> Information supplied:
----

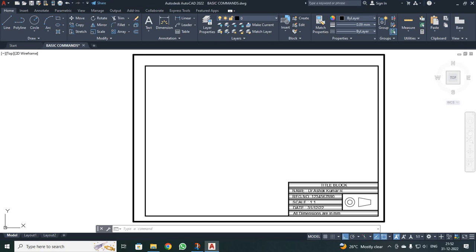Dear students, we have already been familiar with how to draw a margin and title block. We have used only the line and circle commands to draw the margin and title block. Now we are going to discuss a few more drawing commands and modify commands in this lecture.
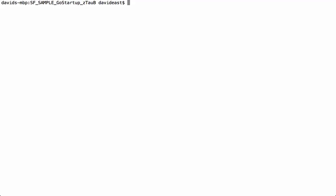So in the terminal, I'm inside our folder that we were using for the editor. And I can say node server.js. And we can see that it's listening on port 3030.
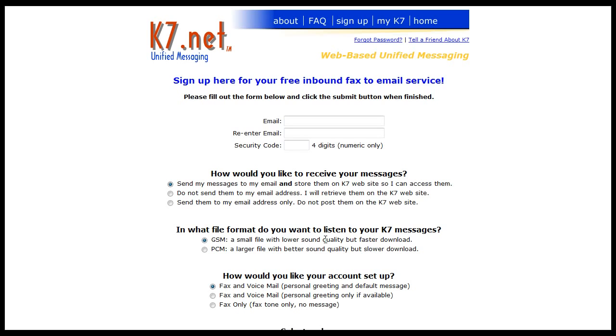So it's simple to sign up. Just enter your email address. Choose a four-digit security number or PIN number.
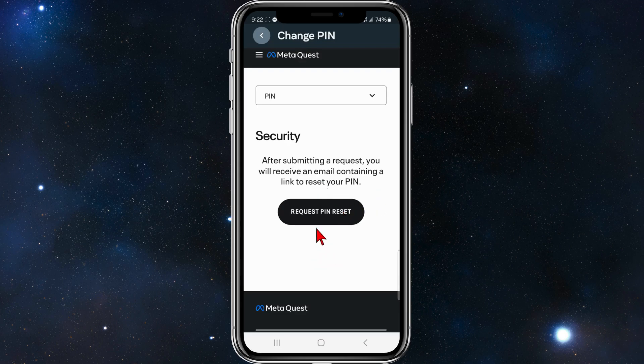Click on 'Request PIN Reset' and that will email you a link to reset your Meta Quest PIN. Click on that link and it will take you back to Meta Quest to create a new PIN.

----

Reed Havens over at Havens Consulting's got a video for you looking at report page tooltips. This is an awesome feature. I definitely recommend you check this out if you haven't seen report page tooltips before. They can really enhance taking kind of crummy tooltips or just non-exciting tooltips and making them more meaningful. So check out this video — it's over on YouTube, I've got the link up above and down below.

----

> Required action: Above, find the line holding "So in the terminal, I'm" and the line holding "Click on 'Request". Print exactly those two lines and every line between them, but no pictures.

> Exercise solution:
So in the terminal, I'm inside our folder that we were using for the editor. And I can say node server.js. And we can see that it's listening on port 3030.
So it's simple to sign up. Just enter your email address. Choose a four-digit security number or PIN number.
Click on 'Request PIN Reset' and that will email you a link to reset your Meta Quest PIN. Click on that link and it will take you back to Meta Quest to create a new PIN.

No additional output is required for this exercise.